Guys are just more SHOWY about how they "set" such status, and blatant in discussing it... "Forget it dude, she's OUT OF YOUR LEAGUE," for instance, and that even uses a sports ranking metaphor.

Plus women are evil bitches, for the most part. :-)
Dec. 20th, 2008 05:05 am (UTC)
Whatevr you say, hollow boy.
Men are strange creatures, and mostly hollow.
(no subject) - james_the_evil1 - Dec. 20th, 2008 05:23 am (UTC) - Expand
Dec. 20th, 2008 05:16 am (UTC)
heirarchy is not just sexual
You know it isn't just coming from peers. I had been married to my now ex husband for years and I was constantly put down in little ways about my upbringing. He'd make jokes about me being barefoot and pregnant and called me an "Appalacian American." Because I grew up in rural Md.

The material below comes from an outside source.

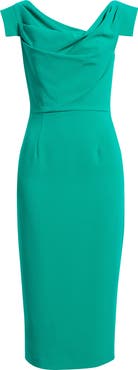 Black Halo Jacqueline Midi Gabardine Sheath Dress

Despite having an IQ of 155, three college degrees and more practical common sense [especially when it came to power tools and protecting oneself from the future apocolypse] His viewpoint persisted.

In fact when I got dressed up in heels and put on make up he went so far as to say that he hated it because I looked artificial. It was to make it so I knew my place.

This heirarchy is not just about female sexuality it is about female power and the fear that sexuality controls men [cause we do...] So another way of keeping "us" in check is to use our cultural stereotypes against us.

My ex mother in law once told my mother in a phone conversation that "well [he] married beneath him..." and she obviously forgot who she was talking to.

I like being a whore. And I accept being an evil bitch cause it is fun. It gives me power. And now I don't have someone taking that away because I am a sexual being. I also like that I can be a woman in all senses of the word and not have someone take that away to make me asexual and powerless to do anything for myself.
Dec. 20th, 2008 05:25 am (UTC)
Re: heirarchy is not just sexual
And I accept being an evil bitch cause it is fun.

Thank you. You wanna 'splain to violet_tigress1 that it's not automatically a bad thing to say that?? :-D
Heh, "Their food" is a really amusing phrase - 7owti5 - Dec. 21st, 2008 02:52 am (UTC) - Expand
Dec. 20th, 2008 05:47 am (UTC)
the other side of some of those evil Israelite standards of uncleanliness
Fascinating, really, that soooooo many people out there know a ton about sending the "unclean" women off to live at the edge of the village and all the laws about when men can touch them and when they can't, and yet hardly anyone writes or talks about the ritual bath (or m'shevn'ya, for those of you whose Hebrew might be a tad rusty): it's an old rite, true, and not practiced a lot by many people anymore, also true (a friend of mine and i have an ongoing bet that's it's largely been lodged int he kabbalistic circles, but that's beside the point), but it does happen and can be quite fulfilling, both for the man and the woman, as well as the two of them together.

Just sayin'.

Too: as many here have said, there are a lot of people out there who don't buy into the whole patriarchial/jierarchial/big dick contest schema. My wife and i have what most people consider an alternative marriage-- and that's when they're being careful and polite and so PC it hurts-- but it works for us. By most comparisons, she would be considered dominant, i'd be considered passive, and let's not even talk about the roles of who does what in our marriage. And while that may screw up the radar of all but the people who know us, well, as the man said: fuck'em if they can't take it.
Dec. 20th, 2008 12:33 pm (UTC)
Re: the other side of some of those evil Israelite standards of uncleanliness
True - but you don't send your wife to the village edge when she has her period, either. So while the m'shevn'ya is ritualistic in nature, it's not fulfilling it's ritualized role, really.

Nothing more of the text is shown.